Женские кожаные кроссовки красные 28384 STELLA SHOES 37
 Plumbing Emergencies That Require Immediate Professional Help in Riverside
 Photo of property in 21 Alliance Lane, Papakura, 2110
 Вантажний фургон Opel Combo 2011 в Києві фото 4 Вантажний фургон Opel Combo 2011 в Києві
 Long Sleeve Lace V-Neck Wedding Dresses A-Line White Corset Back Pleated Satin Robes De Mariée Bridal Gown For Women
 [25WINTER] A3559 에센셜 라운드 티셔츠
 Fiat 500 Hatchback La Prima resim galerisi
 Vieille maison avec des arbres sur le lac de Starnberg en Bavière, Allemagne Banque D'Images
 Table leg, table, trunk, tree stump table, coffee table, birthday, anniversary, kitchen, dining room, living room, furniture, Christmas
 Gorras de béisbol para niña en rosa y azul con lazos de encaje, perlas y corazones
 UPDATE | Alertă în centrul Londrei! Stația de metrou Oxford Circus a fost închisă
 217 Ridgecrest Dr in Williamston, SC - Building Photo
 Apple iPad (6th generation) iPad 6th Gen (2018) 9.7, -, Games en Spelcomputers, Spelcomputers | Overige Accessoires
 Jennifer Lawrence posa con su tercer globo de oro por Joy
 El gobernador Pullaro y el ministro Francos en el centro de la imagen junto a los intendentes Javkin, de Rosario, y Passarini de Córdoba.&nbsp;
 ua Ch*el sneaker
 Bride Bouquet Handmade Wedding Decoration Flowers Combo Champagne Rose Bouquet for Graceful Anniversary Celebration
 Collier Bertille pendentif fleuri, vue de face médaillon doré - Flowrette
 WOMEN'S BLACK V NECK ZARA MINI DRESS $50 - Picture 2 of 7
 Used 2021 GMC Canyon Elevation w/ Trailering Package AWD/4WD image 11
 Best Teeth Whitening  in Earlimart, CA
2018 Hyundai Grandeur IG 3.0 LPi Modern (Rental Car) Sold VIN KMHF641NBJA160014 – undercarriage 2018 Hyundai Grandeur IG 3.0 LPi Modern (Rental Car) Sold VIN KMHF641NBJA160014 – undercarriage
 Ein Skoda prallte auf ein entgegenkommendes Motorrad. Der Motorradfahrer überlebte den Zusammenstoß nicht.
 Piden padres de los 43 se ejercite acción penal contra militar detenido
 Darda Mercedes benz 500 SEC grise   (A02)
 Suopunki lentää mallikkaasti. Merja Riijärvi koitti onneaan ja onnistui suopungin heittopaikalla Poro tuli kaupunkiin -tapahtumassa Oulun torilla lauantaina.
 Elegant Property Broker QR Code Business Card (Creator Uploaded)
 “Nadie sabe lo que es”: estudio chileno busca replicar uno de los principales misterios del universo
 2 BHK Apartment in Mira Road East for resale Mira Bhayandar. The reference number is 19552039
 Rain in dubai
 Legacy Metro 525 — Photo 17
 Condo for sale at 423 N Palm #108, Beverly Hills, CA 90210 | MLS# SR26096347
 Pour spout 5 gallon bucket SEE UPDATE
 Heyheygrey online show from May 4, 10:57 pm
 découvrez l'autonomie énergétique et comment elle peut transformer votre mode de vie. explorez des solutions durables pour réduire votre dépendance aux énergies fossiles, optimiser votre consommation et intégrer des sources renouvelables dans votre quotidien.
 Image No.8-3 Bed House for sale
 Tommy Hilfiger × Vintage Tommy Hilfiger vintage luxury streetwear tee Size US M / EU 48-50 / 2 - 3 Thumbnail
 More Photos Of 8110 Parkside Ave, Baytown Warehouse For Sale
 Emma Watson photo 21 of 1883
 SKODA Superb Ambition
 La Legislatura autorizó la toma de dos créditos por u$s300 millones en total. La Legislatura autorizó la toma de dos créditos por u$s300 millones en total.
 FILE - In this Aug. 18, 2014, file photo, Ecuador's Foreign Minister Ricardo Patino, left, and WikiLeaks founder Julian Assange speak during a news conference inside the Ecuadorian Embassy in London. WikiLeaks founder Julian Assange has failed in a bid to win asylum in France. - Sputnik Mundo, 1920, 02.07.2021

· · ·

→ Goal of the exercise:
Please transcribe only the lines in the records above running from the line that has "217 Ridgecrest Dr" through the line that has "Jennifer Lawrence posa", both included, exactly as they appear.

→ Result for this exercise:
 217 Ridgecrest Dr in Williamston, SC - Building Photo
 Apple iPad (6th generation) iPad 6th Gen (2018) 9.7, -, Games en Spelcomputers, Spelcomputers | Overige Accessoires
 Jennifer Lawrence posa con su tercer globo de oro por Joy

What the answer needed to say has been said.